Vietnam cuts through red tape in bid to unleash business spirit

By Nguyen Hoai   July 1, 2016 | 03:20 am PT
Vietnam is not the easiest place in the world to do business; it is ranked 93rd by the World Bank in its Doing Business 2016 report. The government is thus trying to make things a little easier by simplifying business licensing.

Vietnamese lawmakers are reviewing 50 new draft decrees on business conditions after cutting many complex regulations and rules, said Minister and Chief of the Government Office Mai Tien Dung at a press conference on Thursday.

The revised decrees are set to come into effect the following day, on July 1, after a week long deliberation.

Dung added that lawmakers will not simply bundle excessive licensing and regulations together and put them all into newly revised decrees.
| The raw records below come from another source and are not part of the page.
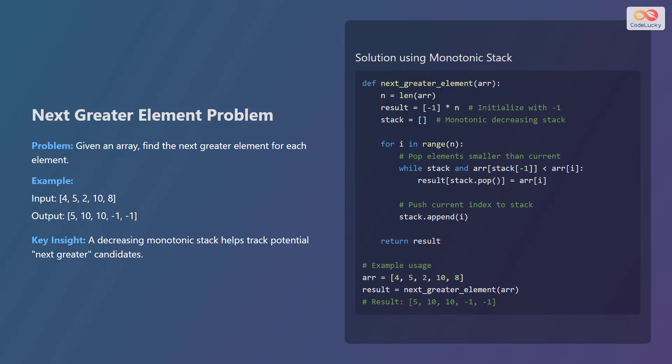Here's the Python code to solve this problem. First, initialize a result array with negative 1 for each element. Create an empty stack. Iterate through the input array. While the stack is not empty and the current element is greater than the element at the index on top of the stack, pop the index from the stack and update the result array with the current element as the next greater element for that index. Append the current index to the stack. Finally, return the result array.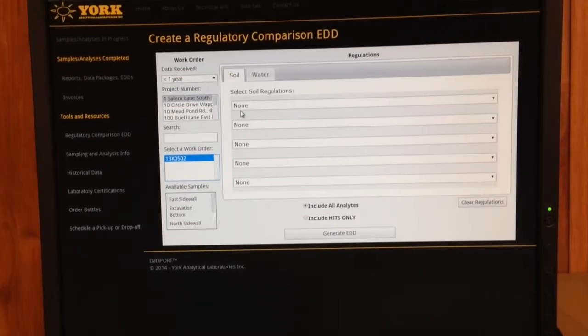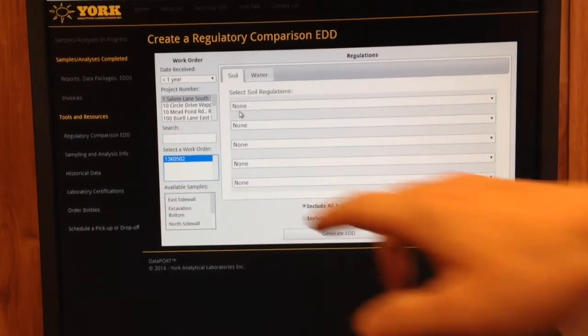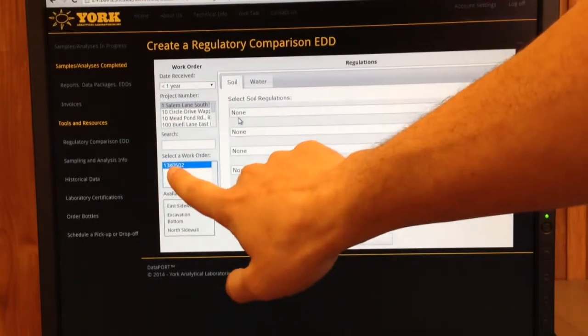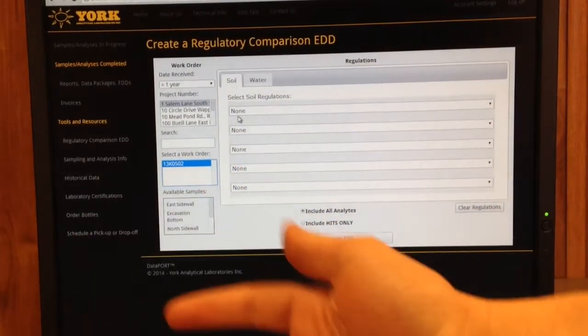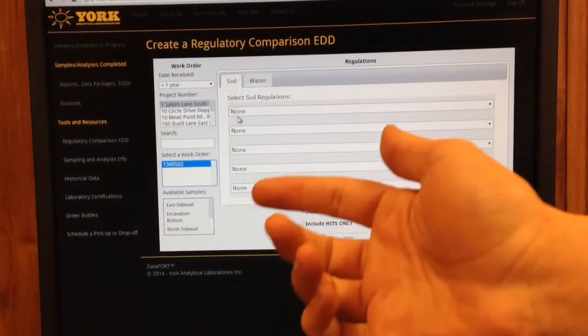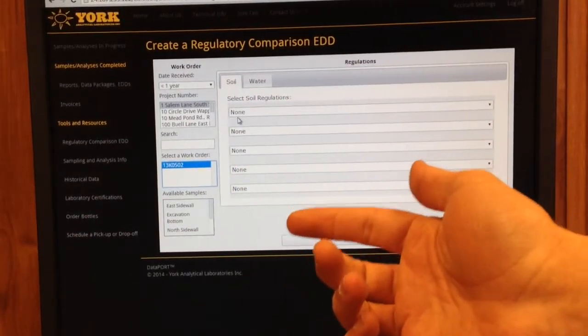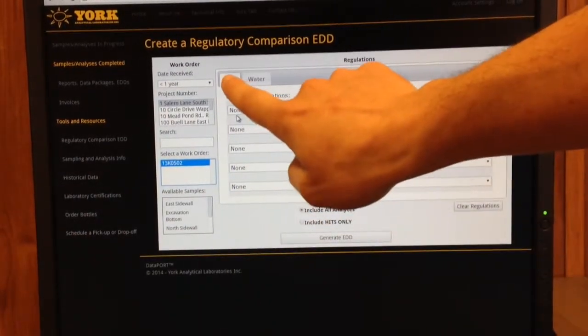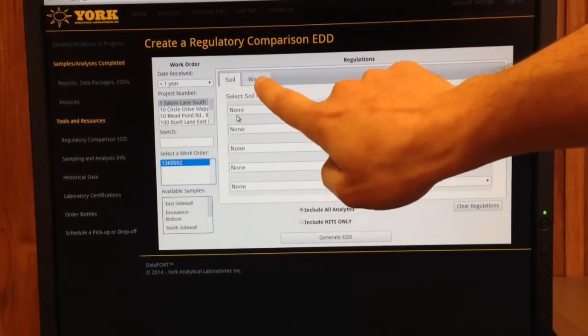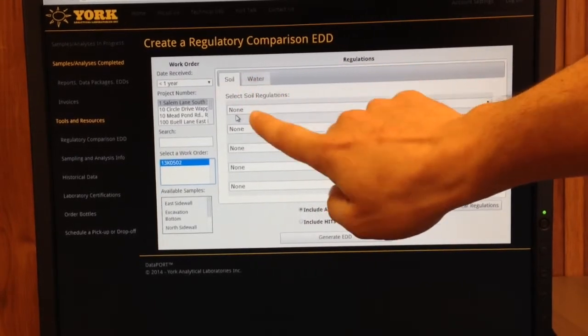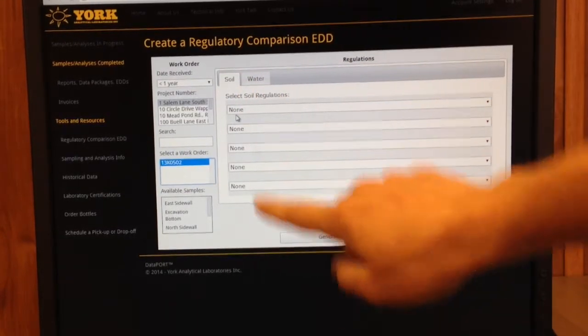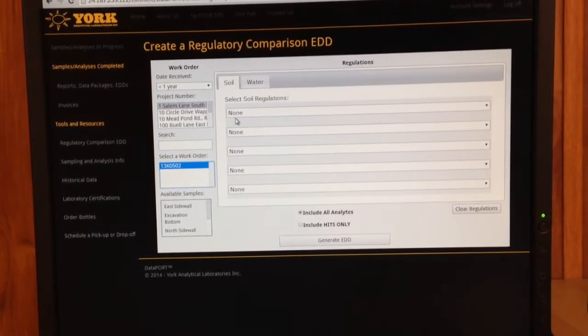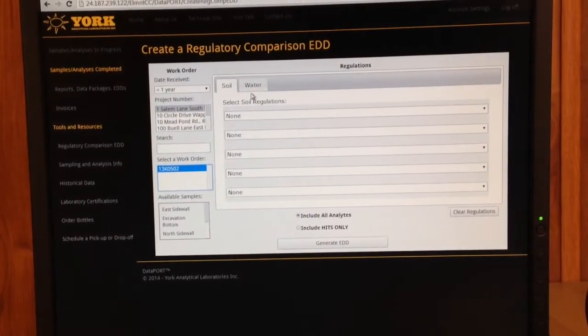You've got the option to pick what project you worked on and what work order we assigned it. It's important to keep in mind that when you choose a work order, there might be soil, water, or air involved with it. You can see at the top there are tabs for soil, water, or even air, and then you can choose the Regs below.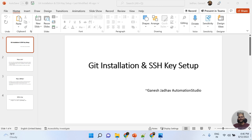Hey guys, this is Ganesh. Welcome back to Ganesh Jadav Automation Studio. Today we are going to learn about Git installation and SSH key setup.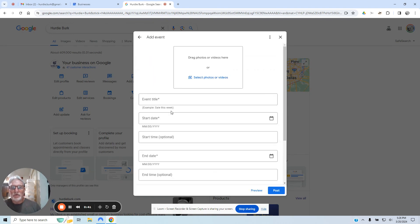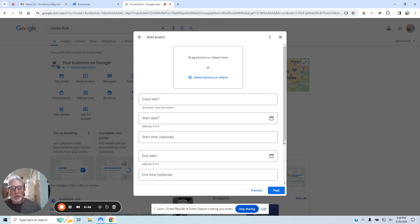Add your picture, add the event title, start date, time, end time, and then hit Post. And that's it.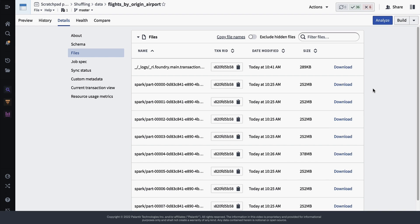To wrap things up, I'll talk through the methods you can use for changing the way your data is partitioned. Note that you should only use these methods if you really understand the data. Otherwise, manually repartitioning your data could easily make your transform less efficient.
Changes introduced under the new decrees are expected to reduce existing bureaucracy. Business licensing should be considered an important step towards unleashing the potential for more start-ups and act as a key to unlocking investment climate reform, the government said.


Policymakers are discussing changes to decrees and the legal interpretation of the Business and Investment Law. The aim is to liberate the private sector's potential and facilitate economic and social development, said Chief of the Government Office Mai Tien Dung. Photo by N.H.

“We are determined not to leave any holes in the legal system, cutting down on unjustifiable business conditions, scrapping business permits and putting an end to interest groups,” said Minister Mai Tien Dung.

However, many have expressed their concerns that the decrees may have been drafted too hastily, and as a result, many “super-decrees” may be born.

The Vietnamese legal system employs a variety of legal documents including law, decrees, circulars, decisions and directives. These documents sometimes overlap each other.